Multimodal fusion is an order of magnitude harder than single-modality analysis. Each modality has different noise characteristics, confidence profiles, and failure modes. Text is great for specific emotions but misses sarcasm. Images capture energy but not nuance. Drawings are informative but incredibly noisy. The key insight was that fusion should be humble: the system should know when it doesn’t know and flag conflicts rather than papering over disagreements.
Temporal context matters enormously for mood tracking. A single entry’s mood in isolation is far less meaningful than that mood relative to the user’s baseline and recent trajectory. The Kalman filter transformed the experience from “random mood snapshots” to “an evolving emotional narrative.”
Swift’s actor model is perfect for multi-pipeline concurrent analysis.
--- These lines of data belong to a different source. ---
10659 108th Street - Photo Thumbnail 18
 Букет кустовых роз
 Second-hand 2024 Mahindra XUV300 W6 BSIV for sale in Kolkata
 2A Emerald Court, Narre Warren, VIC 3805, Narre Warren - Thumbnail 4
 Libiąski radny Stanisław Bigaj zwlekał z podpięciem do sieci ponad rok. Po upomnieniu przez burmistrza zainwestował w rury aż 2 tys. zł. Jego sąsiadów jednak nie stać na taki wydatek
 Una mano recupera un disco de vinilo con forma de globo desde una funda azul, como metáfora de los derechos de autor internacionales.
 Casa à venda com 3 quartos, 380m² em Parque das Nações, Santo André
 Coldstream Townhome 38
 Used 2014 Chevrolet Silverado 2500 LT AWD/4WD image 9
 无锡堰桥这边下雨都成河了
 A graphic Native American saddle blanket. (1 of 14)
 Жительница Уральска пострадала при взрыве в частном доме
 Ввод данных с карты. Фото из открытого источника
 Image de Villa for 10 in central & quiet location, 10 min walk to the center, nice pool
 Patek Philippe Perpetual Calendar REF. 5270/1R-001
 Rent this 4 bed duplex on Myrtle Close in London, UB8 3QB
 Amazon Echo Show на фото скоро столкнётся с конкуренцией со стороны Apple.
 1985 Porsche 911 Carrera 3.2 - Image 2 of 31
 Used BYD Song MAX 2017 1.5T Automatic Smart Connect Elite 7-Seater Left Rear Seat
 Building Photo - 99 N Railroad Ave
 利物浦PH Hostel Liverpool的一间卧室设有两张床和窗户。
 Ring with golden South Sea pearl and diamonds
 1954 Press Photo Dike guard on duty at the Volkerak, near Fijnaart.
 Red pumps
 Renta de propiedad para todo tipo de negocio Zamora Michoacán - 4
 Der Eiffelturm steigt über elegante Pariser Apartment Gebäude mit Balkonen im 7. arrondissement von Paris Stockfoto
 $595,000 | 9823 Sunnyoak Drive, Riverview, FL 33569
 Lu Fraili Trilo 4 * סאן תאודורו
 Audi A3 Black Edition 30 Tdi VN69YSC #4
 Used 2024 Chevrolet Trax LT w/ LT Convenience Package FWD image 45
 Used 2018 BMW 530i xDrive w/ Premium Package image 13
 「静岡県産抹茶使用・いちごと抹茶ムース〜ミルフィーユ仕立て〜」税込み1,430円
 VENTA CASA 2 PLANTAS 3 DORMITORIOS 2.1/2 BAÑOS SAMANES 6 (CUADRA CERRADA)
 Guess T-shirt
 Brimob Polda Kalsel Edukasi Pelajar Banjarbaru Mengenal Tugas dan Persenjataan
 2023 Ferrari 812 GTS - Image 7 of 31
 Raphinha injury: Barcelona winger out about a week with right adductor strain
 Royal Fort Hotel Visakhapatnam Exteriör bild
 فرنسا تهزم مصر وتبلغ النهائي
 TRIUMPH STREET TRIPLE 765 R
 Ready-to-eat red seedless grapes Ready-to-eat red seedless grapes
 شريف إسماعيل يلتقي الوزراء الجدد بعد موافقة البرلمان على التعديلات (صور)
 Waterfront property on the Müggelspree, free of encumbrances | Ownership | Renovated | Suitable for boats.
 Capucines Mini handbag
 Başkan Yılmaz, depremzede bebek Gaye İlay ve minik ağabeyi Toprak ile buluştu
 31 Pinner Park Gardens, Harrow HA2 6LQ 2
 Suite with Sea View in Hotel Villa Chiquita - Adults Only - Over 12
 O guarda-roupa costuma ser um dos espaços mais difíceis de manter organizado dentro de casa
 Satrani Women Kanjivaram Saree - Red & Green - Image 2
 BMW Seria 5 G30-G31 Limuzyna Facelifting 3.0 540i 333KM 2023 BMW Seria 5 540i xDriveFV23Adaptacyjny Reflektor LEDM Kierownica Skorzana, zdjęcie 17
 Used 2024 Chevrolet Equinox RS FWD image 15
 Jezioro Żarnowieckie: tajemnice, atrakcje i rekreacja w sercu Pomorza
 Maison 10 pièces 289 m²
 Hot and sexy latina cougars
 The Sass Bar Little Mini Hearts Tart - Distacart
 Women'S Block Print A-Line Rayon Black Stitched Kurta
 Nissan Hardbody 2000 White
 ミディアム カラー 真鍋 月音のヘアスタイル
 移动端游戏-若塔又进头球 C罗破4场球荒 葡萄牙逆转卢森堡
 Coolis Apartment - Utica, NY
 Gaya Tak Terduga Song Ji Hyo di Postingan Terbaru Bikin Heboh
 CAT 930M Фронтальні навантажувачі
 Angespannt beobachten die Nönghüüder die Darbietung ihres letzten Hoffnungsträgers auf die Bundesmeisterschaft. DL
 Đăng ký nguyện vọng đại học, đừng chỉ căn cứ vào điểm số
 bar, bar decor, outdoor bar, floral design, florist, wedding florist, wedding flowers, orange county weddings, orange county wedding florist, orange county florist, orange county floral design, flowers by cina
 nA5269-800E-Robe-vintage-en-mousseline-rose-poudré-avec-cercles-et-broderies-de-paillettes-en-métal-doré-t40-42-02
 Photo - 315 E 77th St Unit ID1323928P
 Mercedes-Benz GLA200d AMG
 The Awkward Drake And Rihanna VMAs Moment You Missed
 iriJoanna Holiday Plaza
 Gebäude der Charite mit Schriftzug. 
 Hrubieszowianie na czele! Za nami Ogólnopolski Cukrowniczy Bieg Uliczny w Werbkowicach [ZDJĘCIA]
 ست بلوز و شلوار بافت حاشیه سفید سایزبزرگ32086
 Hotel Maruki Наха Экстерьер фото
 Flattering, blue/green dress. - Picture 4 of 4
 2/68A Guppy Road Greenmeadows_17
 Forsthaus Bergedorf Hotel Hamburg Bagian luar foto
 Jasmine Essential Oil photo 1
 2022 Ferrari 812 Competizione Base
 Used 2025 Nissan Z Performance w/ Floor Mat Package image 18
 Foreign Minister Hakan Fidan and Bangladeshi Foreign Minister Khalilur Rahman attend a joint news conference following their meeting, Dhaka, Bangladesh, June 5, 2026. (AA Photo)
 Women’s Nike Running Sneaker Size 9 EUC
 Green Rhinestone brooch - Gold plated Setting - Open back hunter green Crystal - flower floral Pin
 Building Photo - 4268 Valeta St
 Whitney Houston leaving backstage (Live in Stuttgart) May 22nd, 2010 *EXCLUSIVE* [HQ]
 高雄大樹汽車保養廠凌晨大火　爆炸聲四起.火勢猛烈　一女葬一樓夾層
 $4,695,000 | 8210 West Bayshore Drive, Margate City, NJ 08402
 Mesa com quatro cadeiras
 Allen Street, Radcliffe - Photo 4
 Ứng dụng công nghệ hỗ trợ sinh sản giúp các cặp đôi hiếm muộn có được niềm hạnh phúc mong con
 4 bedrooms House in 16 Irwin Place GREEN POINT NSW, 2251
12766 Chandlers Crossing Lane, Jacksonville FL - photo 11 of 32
Once we committed to the actor architecture, an entire class of concurrency bugs simply disappeared.

What’s next for Better Journal

Voice journaling as a fourth modality. Analyzing speech prosody (pitch, tempo, energy) alongside transcribed text would add a powerful emotional signal, especially for capturing emotions that people don’t write down.
Correlation analysis in the insight engine. Connecting mood patterns to time-of-day, day-of-week, weather, and activity data to surface actionable patterns like “you tend to feel most anxious on Sunday evenings” or “your mood improves significantly on days you journal before 9 AM.”
On-device mood forecasting. Using the Kalman state’s predictive capability to give users a gentle heads-up when the system detects they are trending toward a low period, along with personalized suggestions based on what has helped them before.
Apple Watch integration. Adding passive physiological signals (heart rate variability, sleep quality) as a fifth modality input, creating a truly holistic picture of emotional wellbeing without compromising the app’s zero-cloud, privacy-first architecture.